§ **Task prompt**:
Set down, word for word, every line of the material below from the one containing "Solo singer owl" through the one containing "Trường Mầm Non Montessori Vinh (CS 1)", but none of its pictures.

§ **Extracted data**:
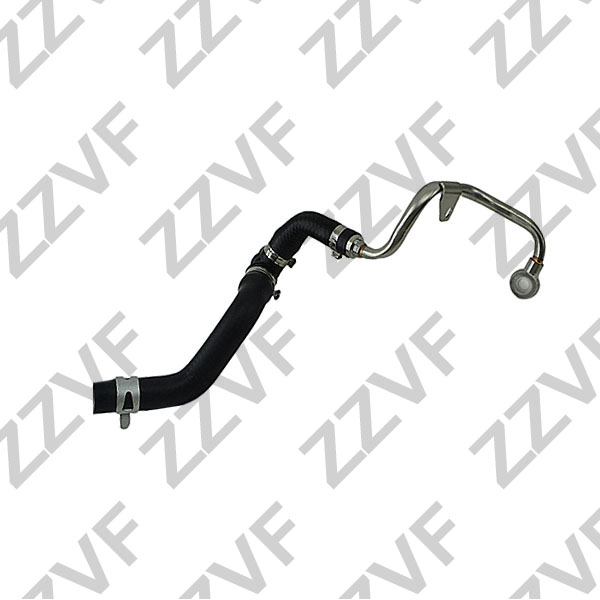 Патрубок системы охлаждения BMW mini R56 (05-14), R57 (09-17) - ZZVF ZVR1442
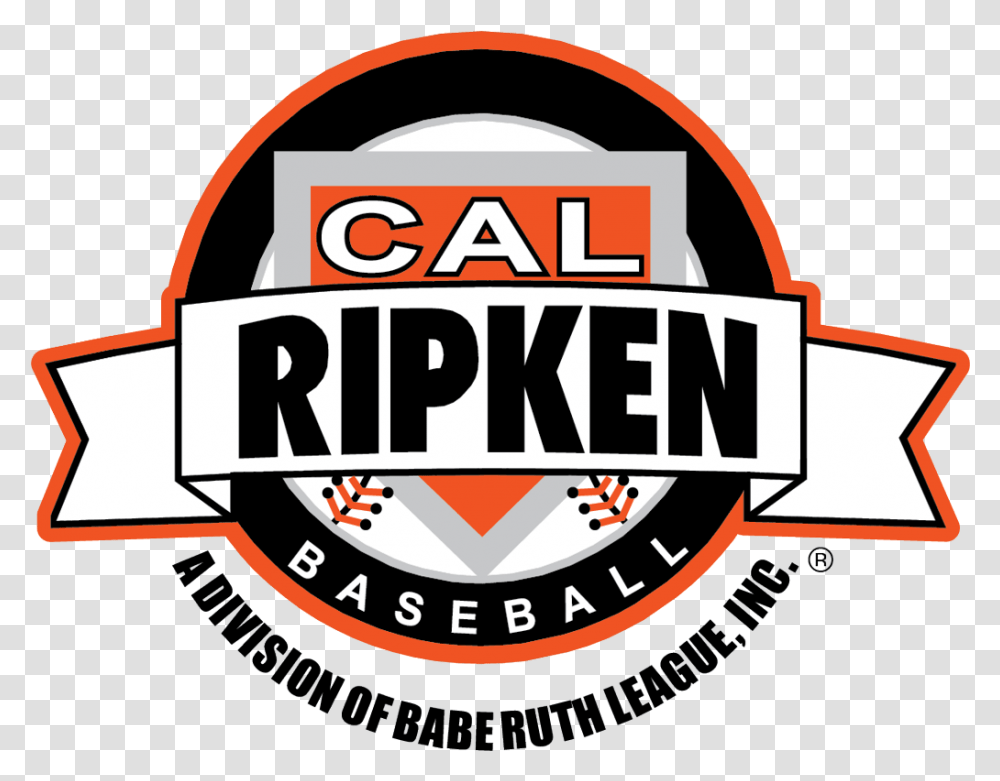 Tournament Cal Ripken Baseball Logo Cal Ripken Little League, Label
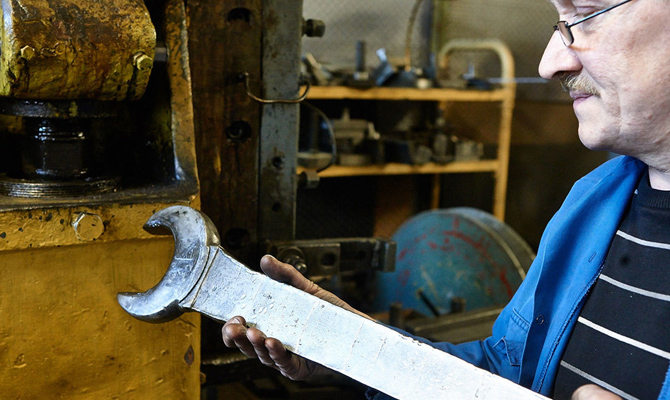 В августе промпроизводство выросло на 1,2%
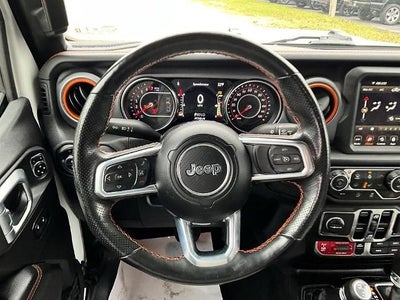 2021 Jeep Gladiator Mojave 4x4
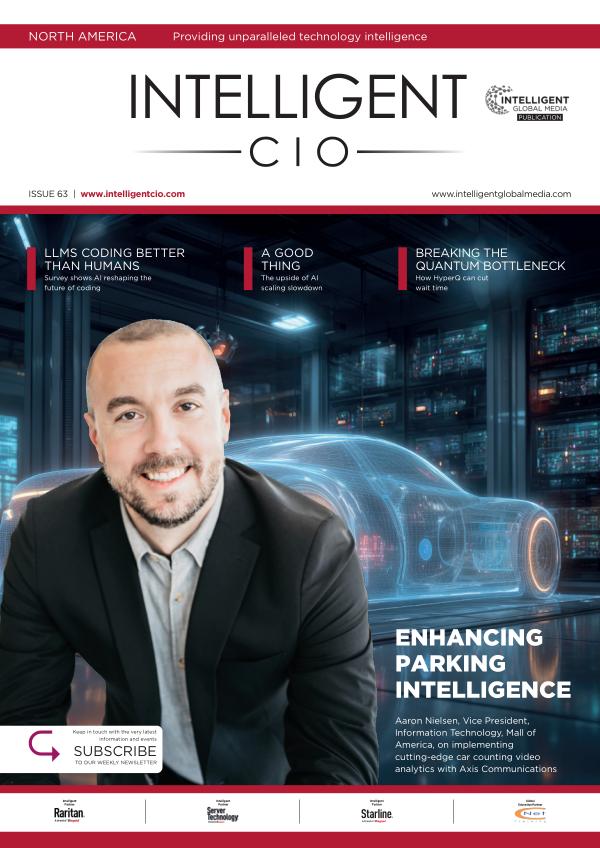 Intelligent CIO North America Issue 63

--

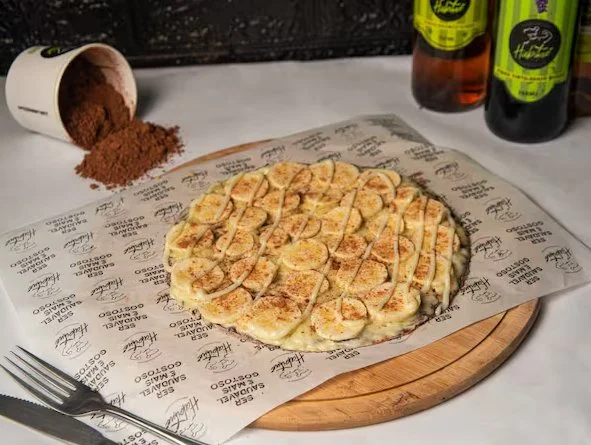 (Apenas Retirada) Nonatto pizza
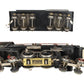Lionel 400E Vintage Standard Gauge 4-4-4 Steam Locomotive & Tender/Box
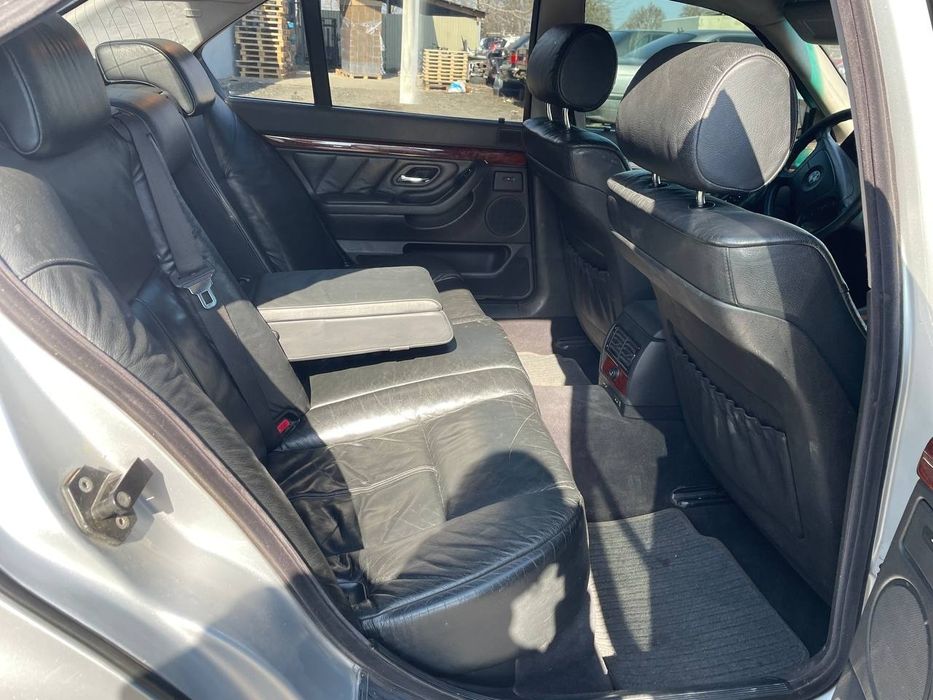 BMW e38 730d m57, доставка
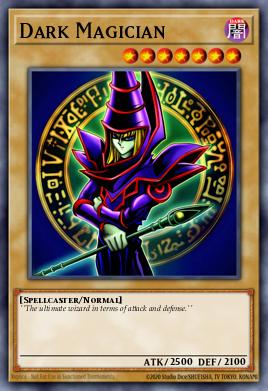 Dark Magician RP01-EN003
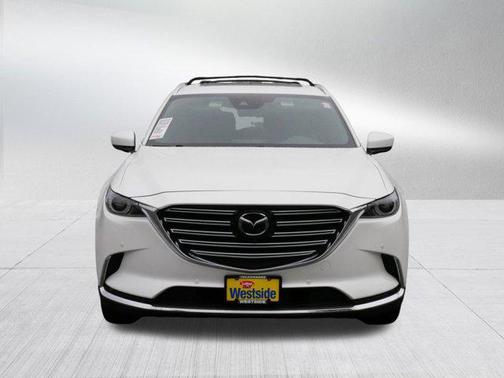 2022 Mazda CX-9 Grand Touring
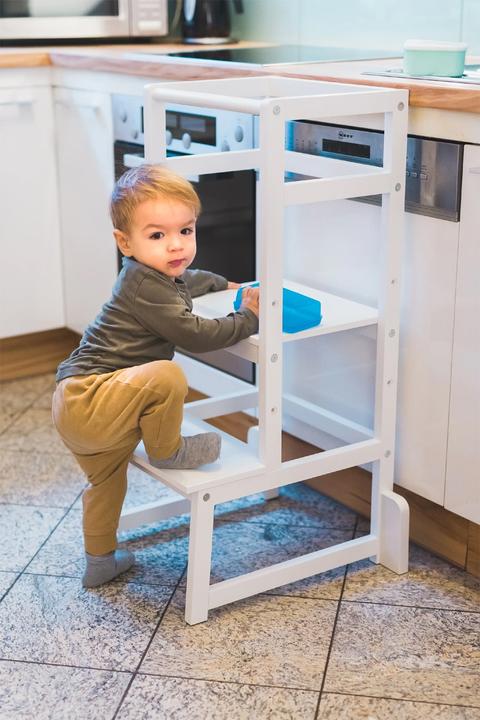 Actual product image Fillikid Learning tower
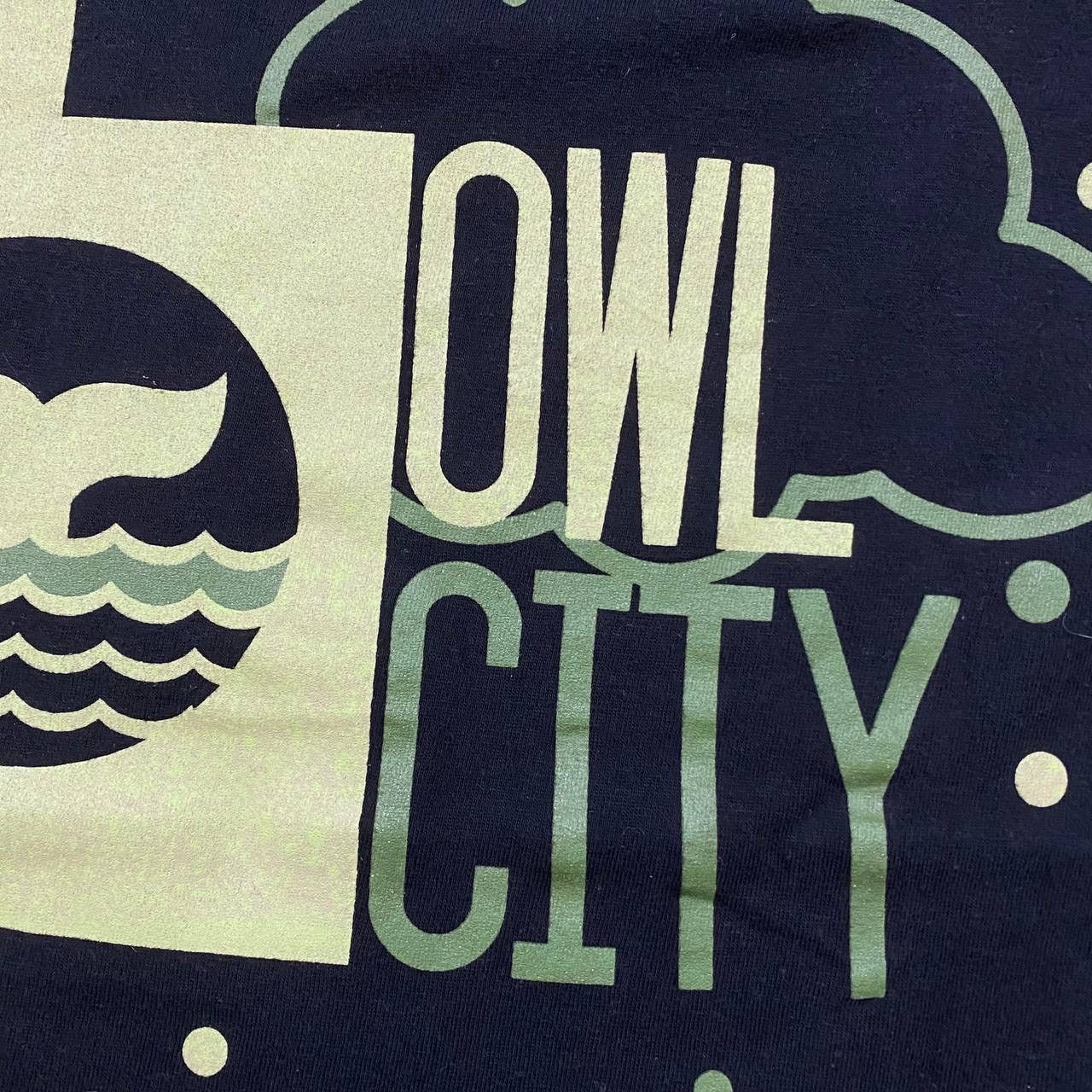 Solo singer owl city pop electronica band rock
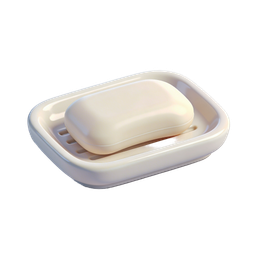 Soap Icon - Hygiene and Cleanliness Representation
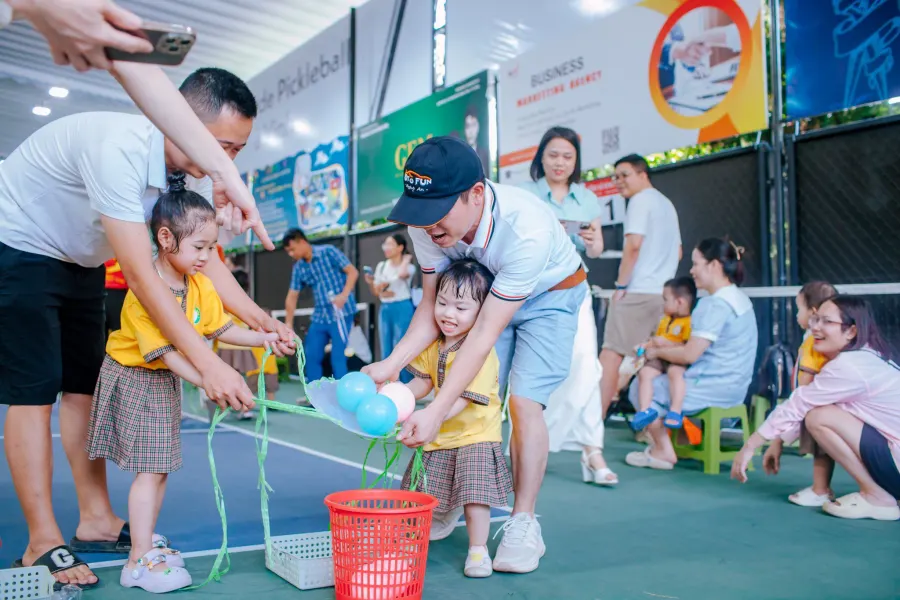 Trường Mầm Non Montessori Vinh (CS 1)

--

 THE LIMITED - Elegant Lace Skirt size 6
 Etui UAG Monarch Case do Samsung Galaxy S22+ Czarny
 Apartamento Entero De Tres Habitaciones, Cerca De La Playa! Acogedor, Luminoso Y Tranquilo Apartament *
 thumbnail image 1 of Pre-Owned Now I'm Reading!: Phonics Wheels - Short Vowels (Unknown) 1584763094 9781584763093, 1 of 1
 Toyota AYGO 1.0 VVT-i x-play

§ **Answer**:
 Solo singer owl city pop electronica band rock
 Soap Icon - Hygiene and Cleanliness Representation
 Trường Mầm Non Montessori Vinh (CS 1)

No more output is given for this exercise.